To test our prediction, we prepared benzyloxysilyl triflate 13, the first C3-substituted cyclohexyne precursor, and performed trapping experiments (Figure 3).27 When silyl triflate 13 was treated with CsF in the presence of imidazole, adduct 15 was obtained exclusively, which arises via attack at C1 of cyclohexyne 14. Similarly, trapping with benzyl azide gave a 5.1 to 1 ratio of cycloadducts 16 and 17, which is consistent with a preference for initial bond formation occurring between the more nucleophilic terminus of the azide28 and C1 of 14.

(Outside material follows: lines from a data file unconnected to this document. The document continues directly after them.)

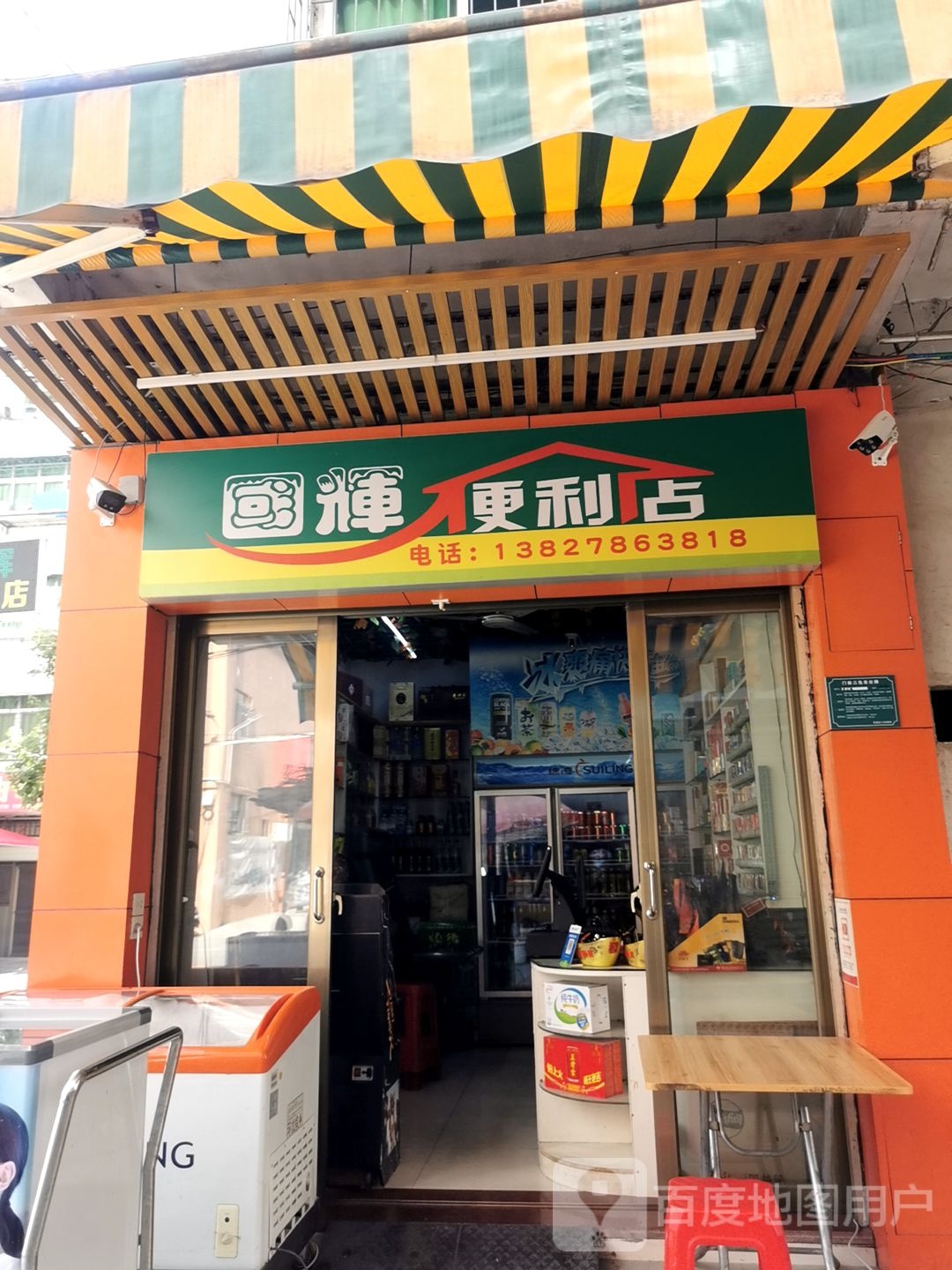 国辉便利店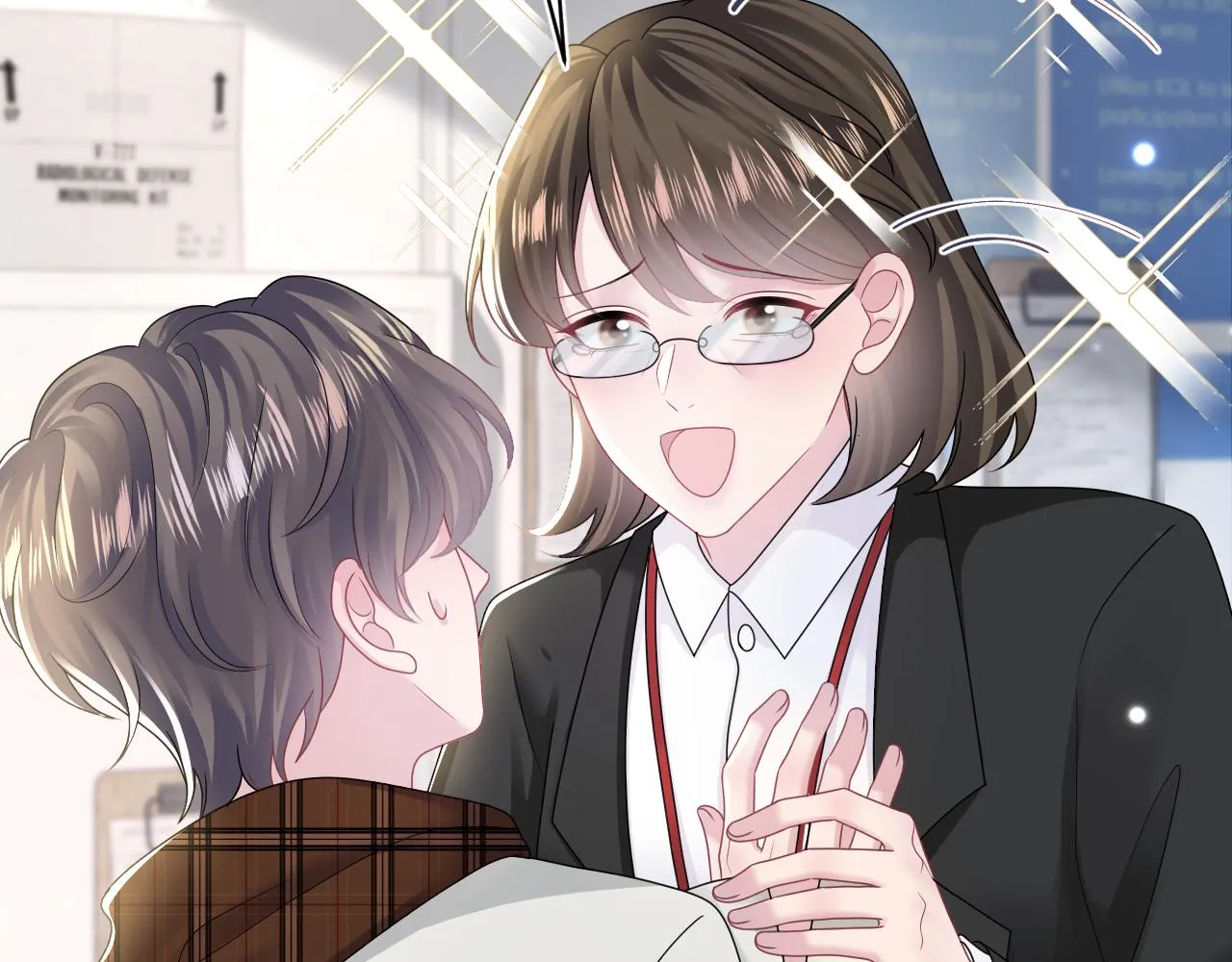 第155话 在意你 第23页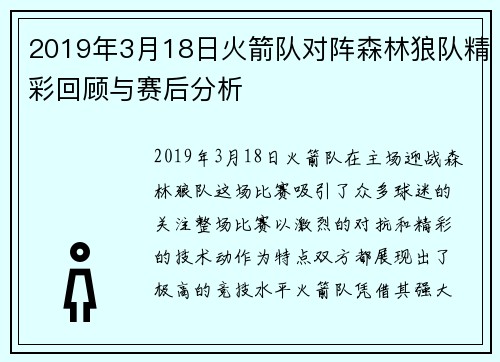 2019年3月18日火箭队对阵森林狼队精彩回顾与赛后分析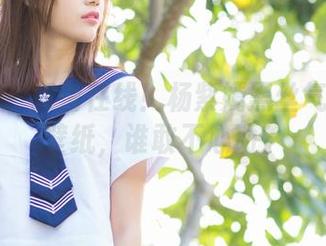爱蜜社 – 高清在线！杨紫嫣黑丝气质美女壁纸，谁敢不心动？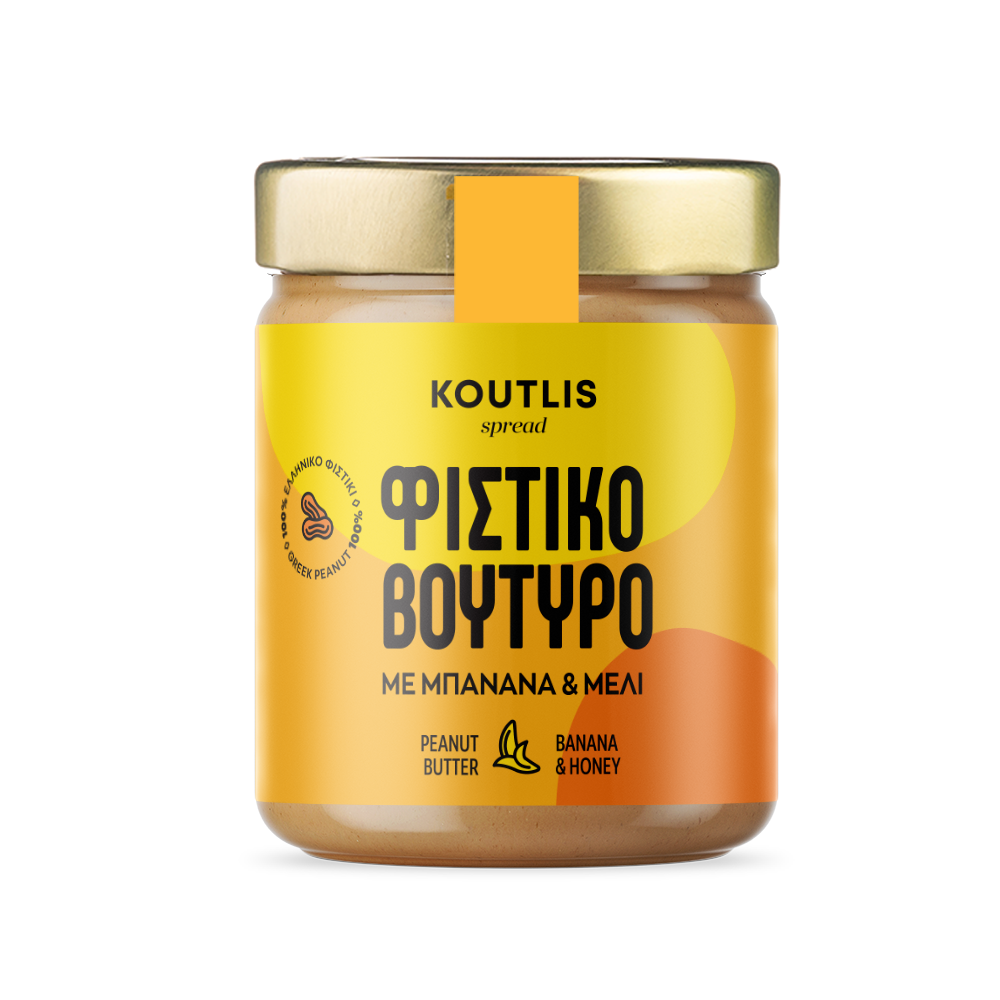 Dulciuri sănătoase & Specialități grecești - Peanut Butter cu Banane și Miere Naturală – 300g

Figure 4 shows the calculated competing transition states, TS1–TS4, for the reactions shown in Figure 3.29 In agreement with the observed selectivity, attack by imidazole at C1 is highly preferred (by ca. 3 kcal mol–1) because 3-methoxycyclohexyne (12) is pre-distorted toward the preferred transition state, TS1. Similarly, in the azide cycloaddition, TS3 is favored over TS4, although the calculated regioselectivity is overestimated. It is important to note the systematic increase in distortion energy (ΔEdist), the cost of altering the substrate geometry toward the transition state, of the 3-methoxycyclohexyne moiety in TS2 and TS4, which accounts for most of the calculated energy differences between competing transition states. As a common feature of distortion-controlled reactions, the interaction energies (ΔEint), or in other words, the stabilization due to orbital overlap between the reacting fragments in the transition state, is nearly identical when comparing competing transition states. It is notable that this trend is observed for both the imidazole and azide trapping agents, despite their different electronic properties.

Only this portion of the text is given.